The newest survey from the respected Quinnipiac University poll puts President Barack Obama solidly in the lead in Ohio over Republican Mitt Romney, but still short of 50 percent.
The poll out Wednesday morning said Mr. Obama was ahead of Mr. Romney 47 percent to 38 percent.
The incumbent is also leading in two other important swing states, Florida and Pennsylania.
Peter Brown, assistant director of the Connecticut-based polling institute said voters support the President’s new immigration policy and are divided on whether the President or former Massachusetts Governor Romney would be better for their personal economic future.

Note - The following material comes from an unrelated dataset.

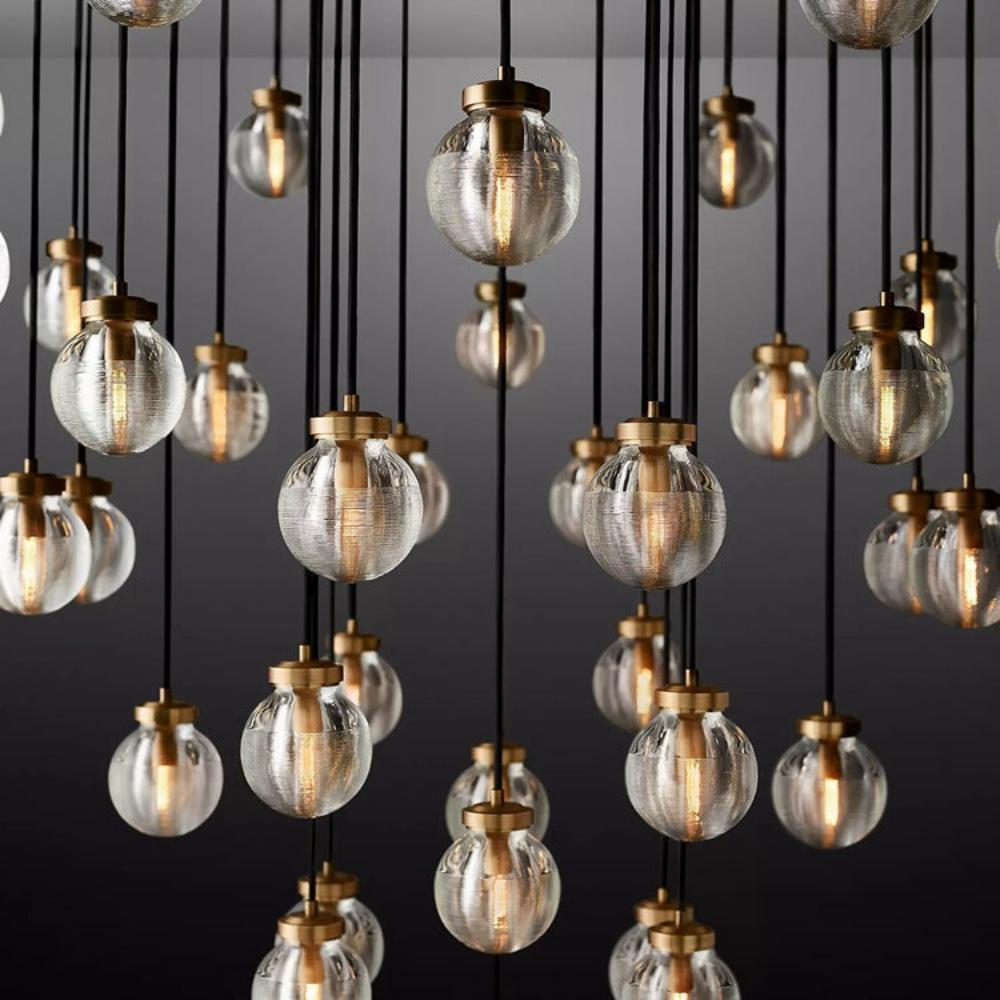 Pearl Round Glass Chandelier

The last Quinnipiac poll, in early May, showed the race too close to call in Ohio.
Ohio is considered a key state because no president has been elected since 1960 without carrying the Buckeye State.
“President Barack Obama has decent margins over Gov. Mitt Romney in Ohio and Pennsylvania and a smaller advantage in Florida. If he can keep those leads in all three of these key swing states through election day he would be virtually assured of re-election,” Mr. Brown said.

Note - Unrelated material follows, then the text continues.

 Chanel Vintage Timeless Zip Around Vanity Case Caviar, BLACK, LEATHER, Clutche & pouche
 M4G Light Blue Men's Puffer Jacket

He said the President’s lead is based on a big lead among women, younger voters and African-Americans. In Florida, on the heels of the president’s order that will prevent the deportation of some younger illegal immigrants, he holds a big lead among Hispanic voters.

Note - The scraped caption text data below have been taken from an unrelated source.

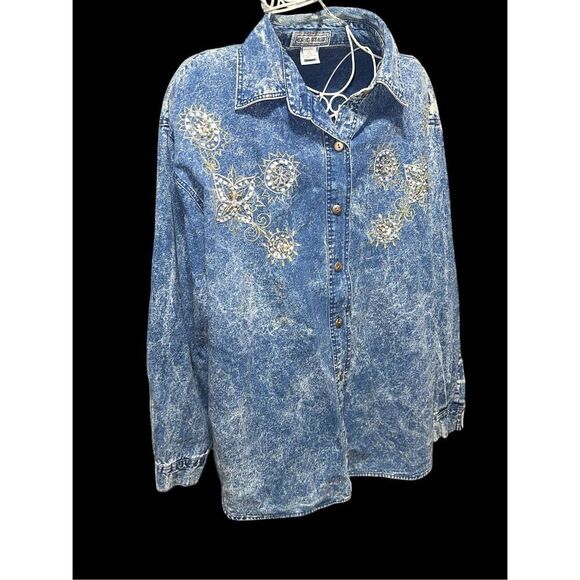VINTAGE 80S Club Kraze Top DEINM STYLE Acid Wash Bejeweled Button Up Denim Shirt - Picture 2 of 10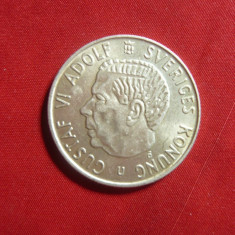 Moneda 2 koroane 1965 argint Suedia Rege Gustav Adolf - 14g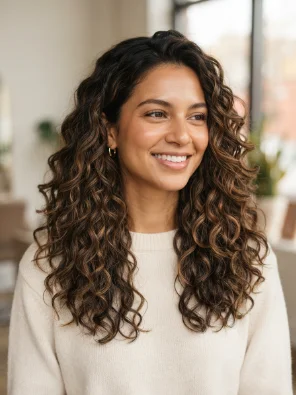Long Curly Hair With Soft Layers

“The horse race numbers reflect the general view of voters that they like the president better. Obama has a net favorable view among Ohio voters and he is viewed evenly by those in Pennsylvania and Florida, while Romney’s favorable/unfavorable ratio is negative in all three states.
Voters in all three states voice strong support for the president’s mini ‘Dream Act’ immigration order, and they say the president would be better than Romney handling immigration, Mr. Brown said.
For much of the last year, more voters in these swing states have said Romney would do a better job on the economy. That advantage has largely disappeared, at least for now.”
Pollsters interviewed 1,237 Ohio voters June 19-25, and the poll has a margin of error of plus or minus 2.8 percent.